I inferred that her job was not a stripper based on the comment in the original post: "with a job that is legal (but often perceived as illegal)". Strippers are generally not perceived as illegal.

Regardless, my point is and was this: If you're doing something you don't want mom and dad to know about, then maybe that's a signal that you should do something else.

all the best,

posted by gage at 4:29 AM on March 12, 2006

gage, I think the problem is that the two parts to your clause don't necessarily connect as cleanly as you'd think. For instance, I have a friend who is a Republican. My reluctance to tell them about the book What's the Matter with Kansas is not necessarily a sign that I should stop being a Democrat. I chose not to talk to them about it because I know it wouldn't change anything, and it may cause hurt feelings.
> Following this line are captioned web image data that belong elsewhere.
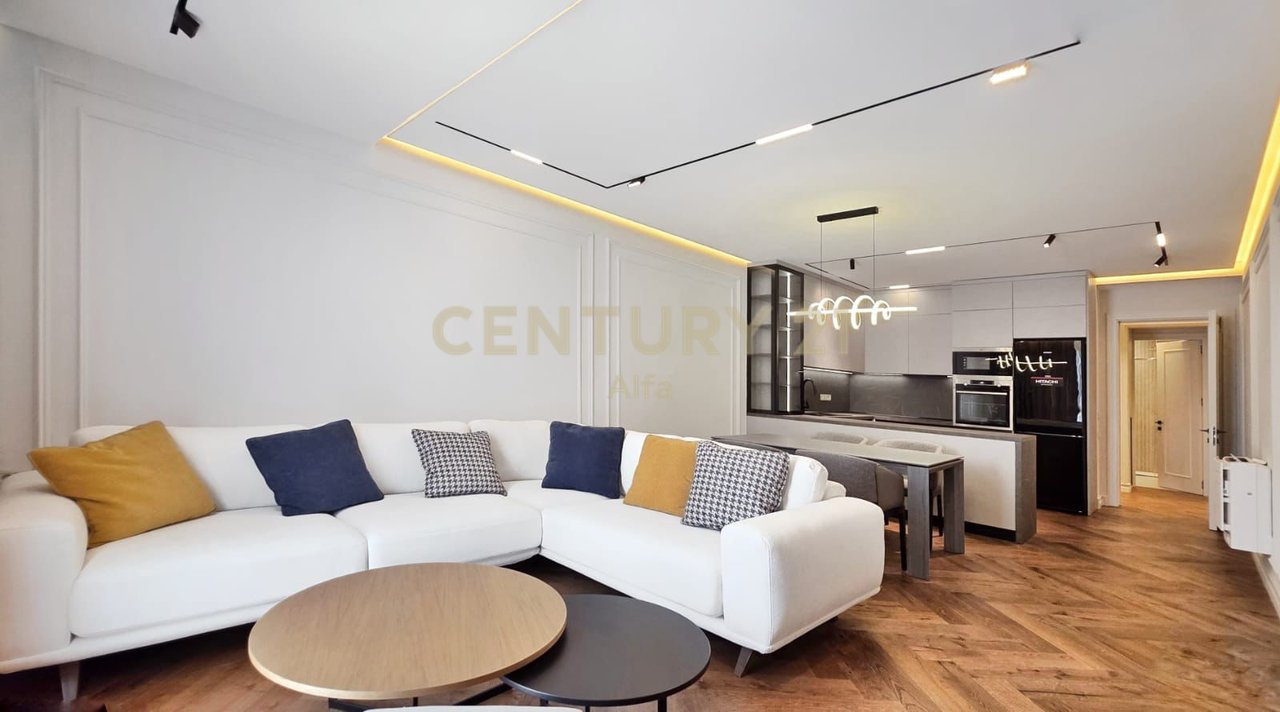 Apartament Luksoz 3+1+2 + Post Parkimi per Qira tek "Golden Residence"!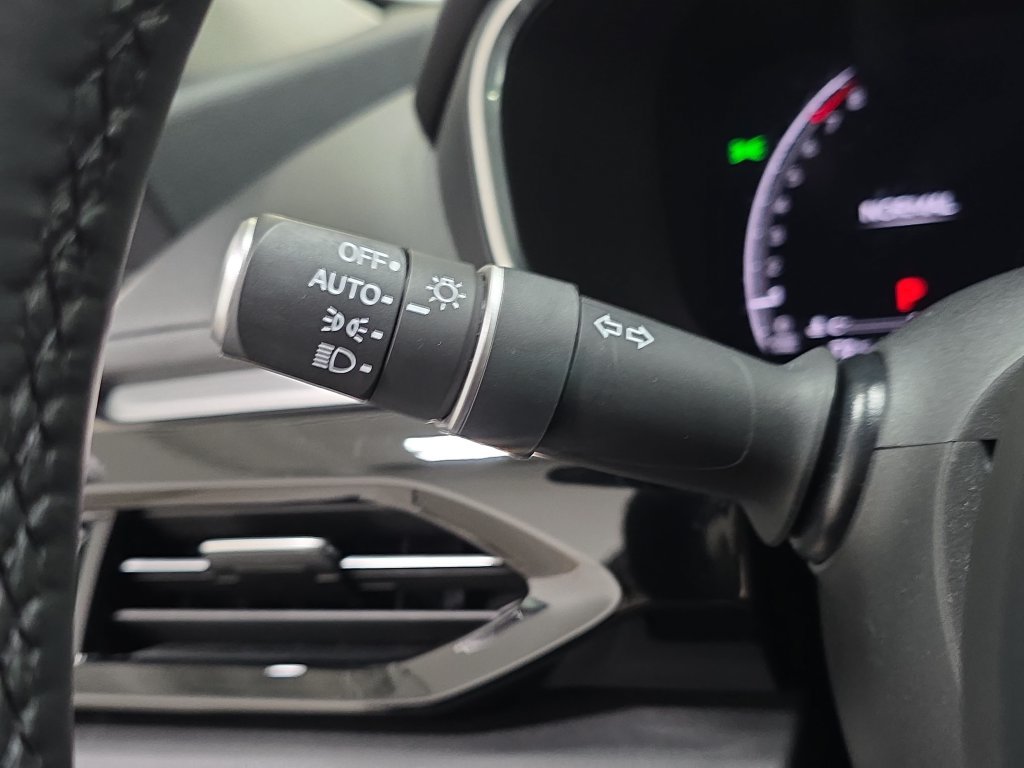 Used 2024 Acura MDX w/ Technology Package AWD/4WD image 25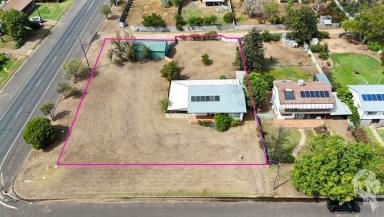 House For Sale - NSW - Wee Waa - 2388 - SOLID HOME ON A DOUBLE  CORNER BLOCK!  (Image 2)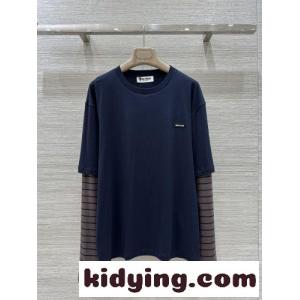 お洒落 カジュアル レイヤード風 長袖Tシャツ ミュウミュウ コピー Tシャツ コピーkid26Kb0zmi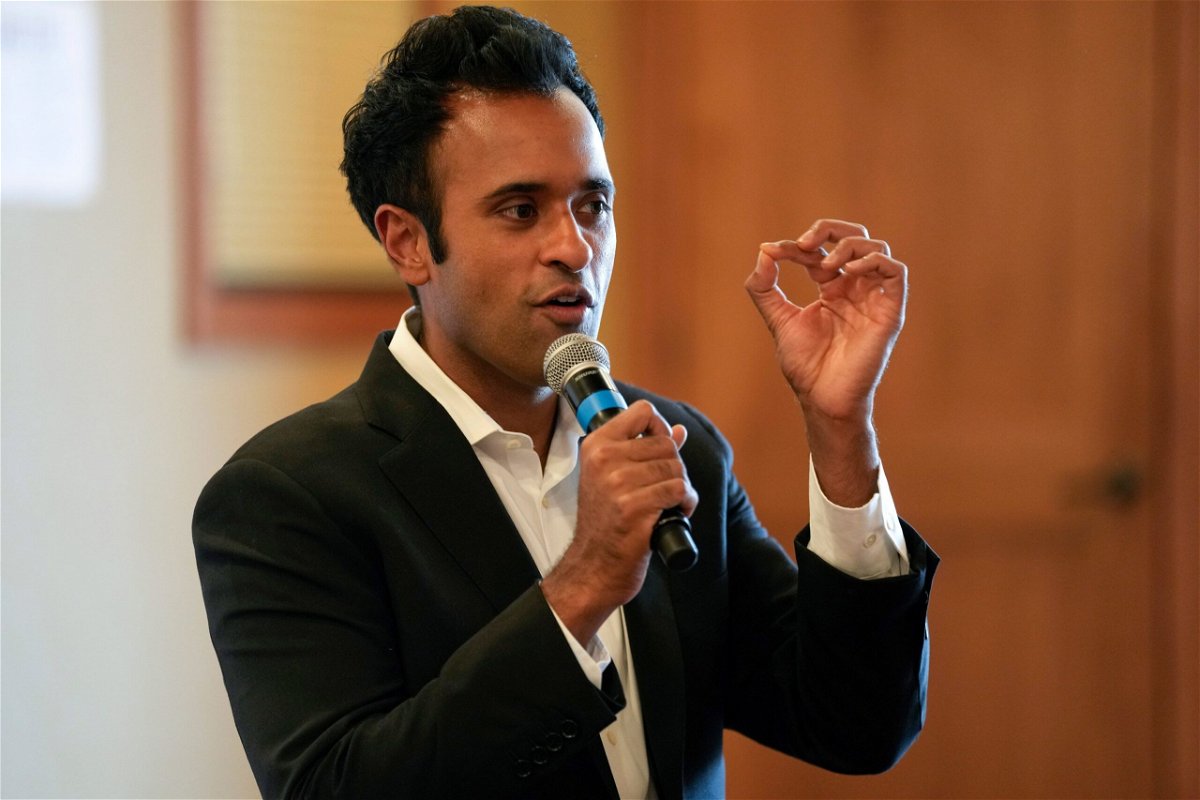 <i>Charlie Neibergall/AP</i><br/>Republican presidential candidate Vivek Ramaswamy speaks during a town hall meeting on Friday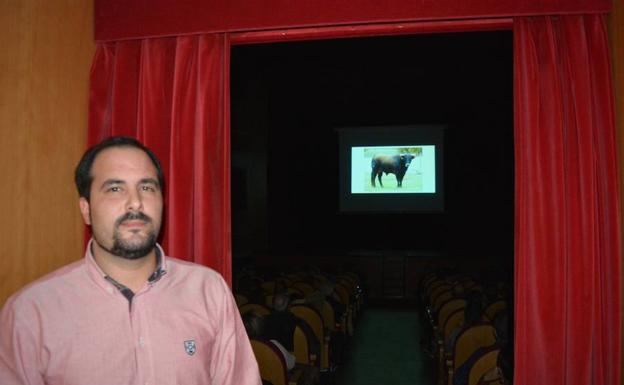Cristian González durante la presentación en el Teatro Nuevo./S. G.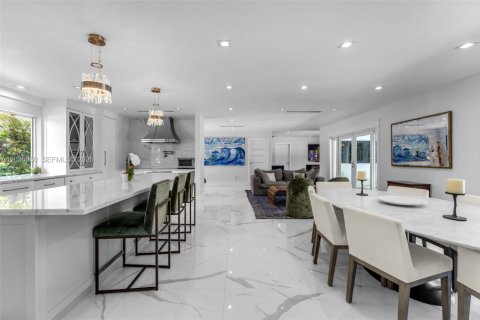 Villa ou maison à vendre à Coral Gables, Floride: 4 chambres, 232.63 m2 № 2083894 - photo 11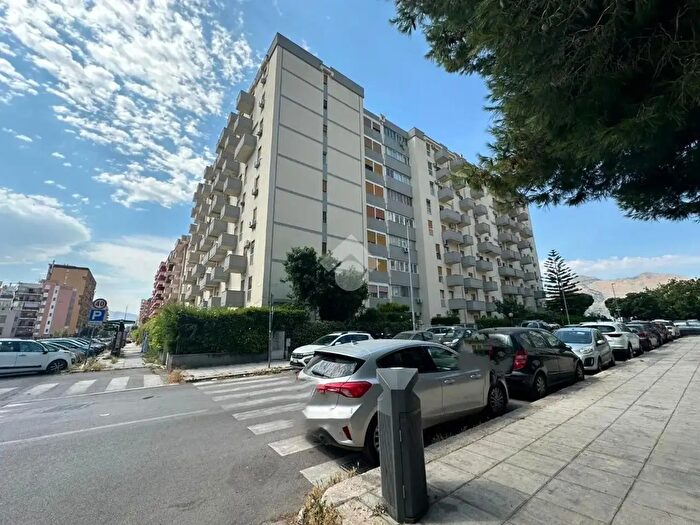 Appartamento con 5 locali in vendita in Via Monte Bonifato, Palermo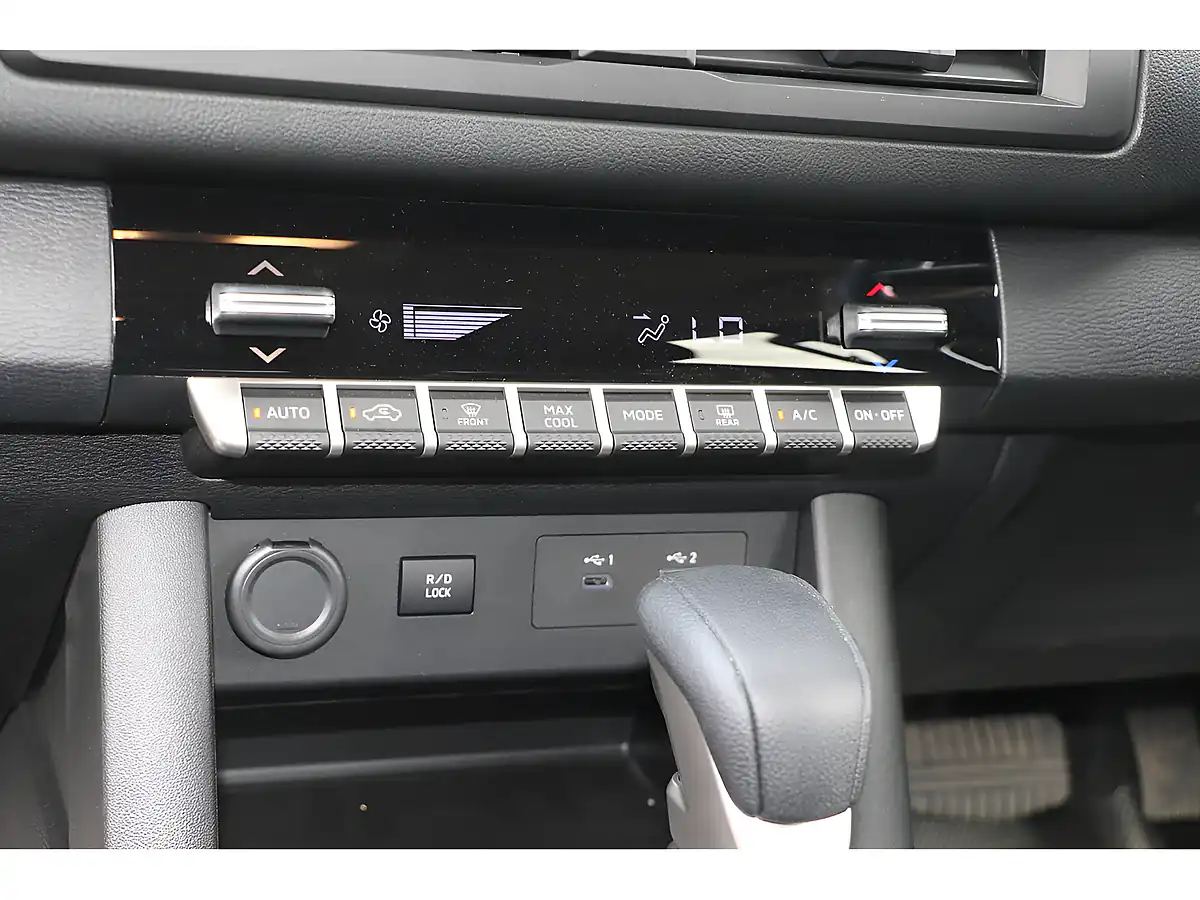 Used 2026 Mitsubishi L200 Titan Silver - Interior and Exterior details 19
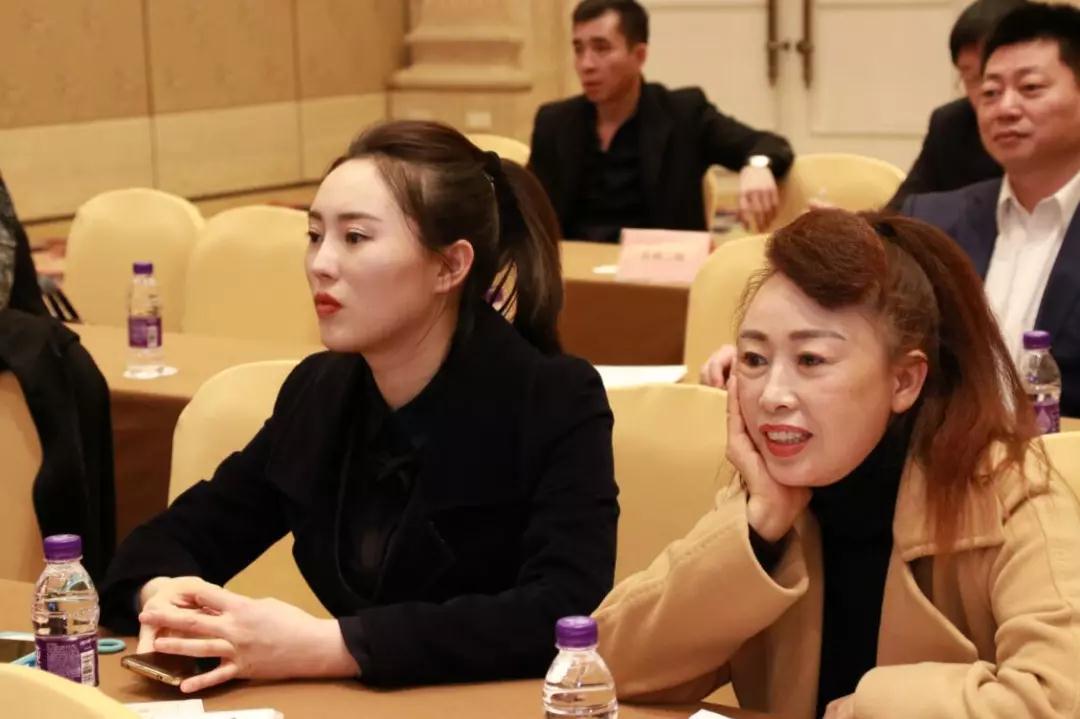 熱烈慶?！白兏飫撔?揚帆未來”北京中成康富2019年合伙人年會勝利召開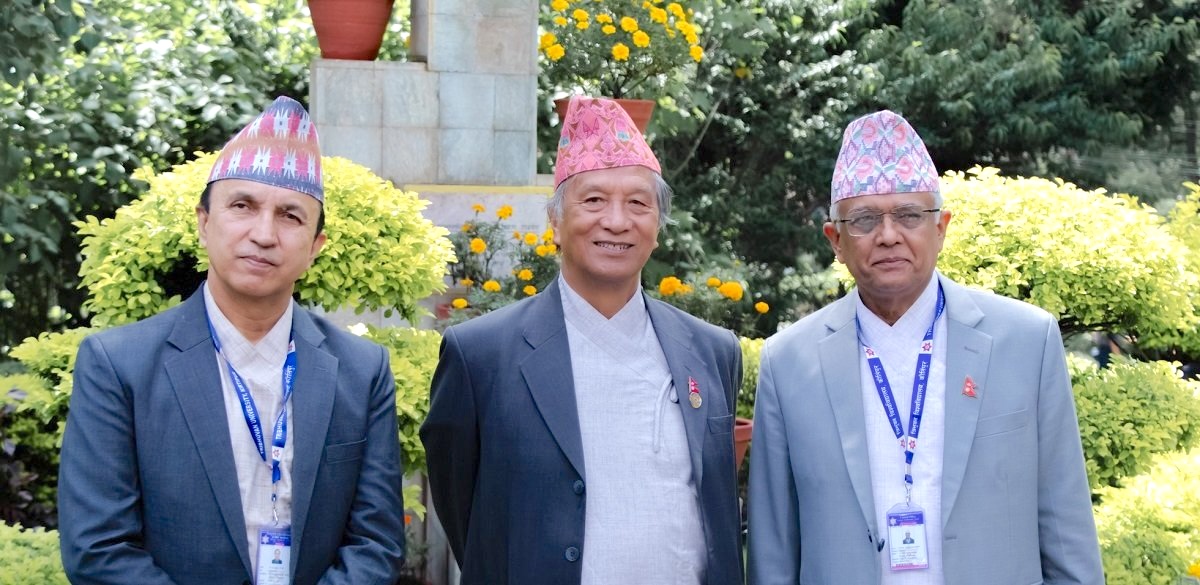 बायाँबाट क्रमशः रेक्टर खड्ग केसी, उपकुलपति केशरजंग बराल र रजिस्ट्रार केदार रिजाल। तस्बिर सौजन्यः त्रिविको वेबसाइट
If (in this case) someone she loves still maintains a stubborn, backwards attitude towards her profession, her reluctance to tell them about it could be indicative of their desire not to hurt their feelings.

That is, just because she doesn't want to tell them about it doesn't mean it's wrong. It could just as easily mean that she loves them enough to not want to hurt them, and knows them well enough to realize they're not going to change their minds any time soon.
posted by Civil_Disobedient at 7:16 AM on March 12, 2006

Civil_Disobedient -- I understand your intent, but think your analogy doesn't fit. Your case is avoiding bringing up contentious ideas with an acquaintance. Her case _appears_ to be actively deceiving her parents about her actions.

I agree with you that compassion for other's feelings is very important, as indeed are one's motivations. This does not, however, render either the action done or one's attitude to those actions necessarily irrelevant.

So, to let thead die, I never said 'wrong' in my posts. I did suggest that she could weigh deceiving her parents against the money she makes.